TASK BRIEF: Please repeat each line from the one holding "There are numerous" through the final line of the data, exactly as it stands, with no pictures.

MATERIALS PROVIDED section start

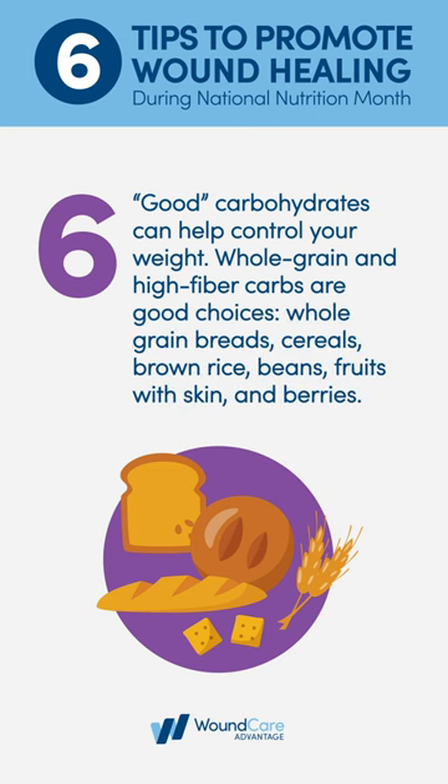Good carbohydrates can help control your weight. Whole grain and high-fiber carbs are good choices: whole grain breads, cereals, brown rice, beans, fruits with skin, and berries.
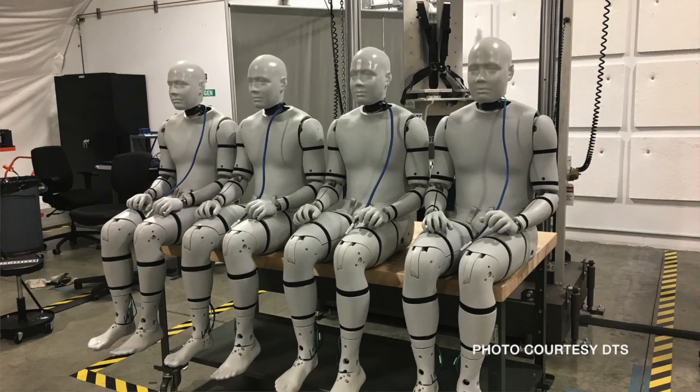Today's a significant day for Army Research Laboratories and U.S. Army Research Development Engineering Command because we are taking delivery of our first new generation of ATDs, which are anthropomorphic test devices — human surrogate test devices — that will be used in under-blast testing.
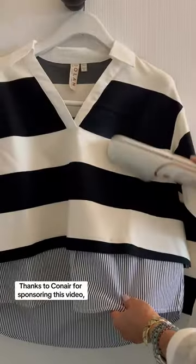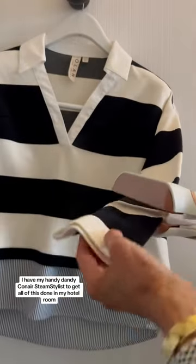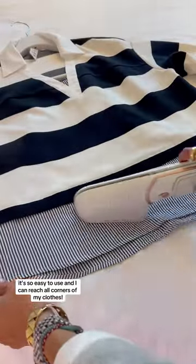Thanks to Conair for sponsoring this video. I have my handy dandy Conair Steam Stylist to get all of this done in my hotel room. It's so easy to use and I can reach all corners of my clothes.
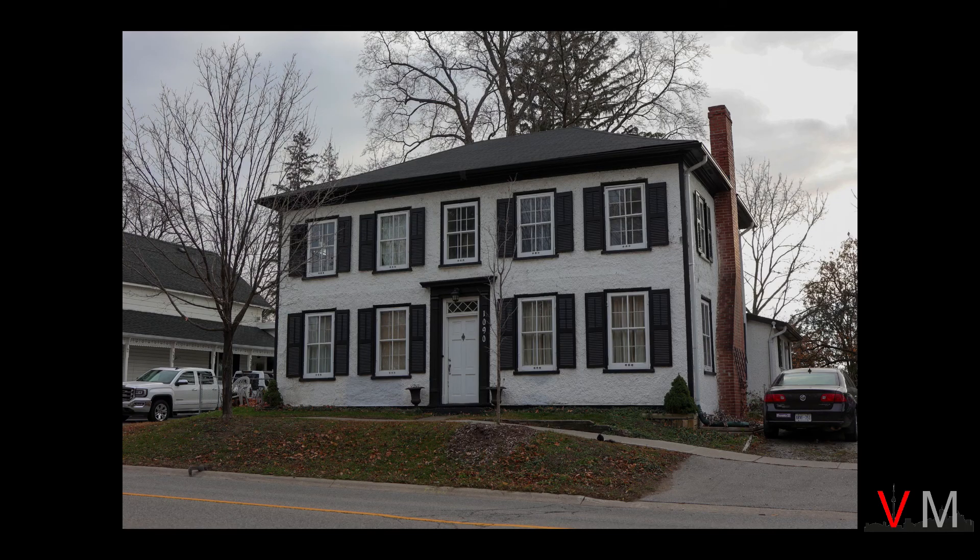There are numerous historic houses in the Village. For example, this house here was actually a former hotel in the 19th century, built in 1837, and is basically a simple box with numerous large windows.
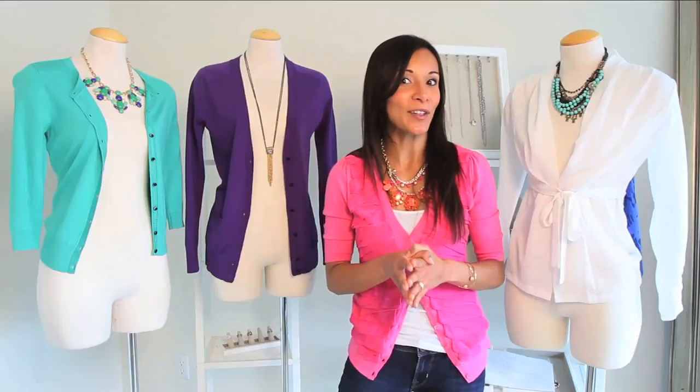We've only gone through a few styles here, but keep in mind there are a wide variety of different cardigan styles. I hope you've learned a few great styles that might work for you. I'm Elena Joy, and I help you look your best.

MATERIALS PROVIDED section end

WRITTEN RESPONSE:
There are numerous historic houses in the Village. For example, this house here was actually a former hotel in the 19th century, built in 1837, and is basically a simple box with numerous large windows.
We've only gone through a few styles here, but keep in mind there are a wide variety of different cardigan styles. I hope you've learned a few great styles that might work for you. I'm Elena Joy, and I help you look your best.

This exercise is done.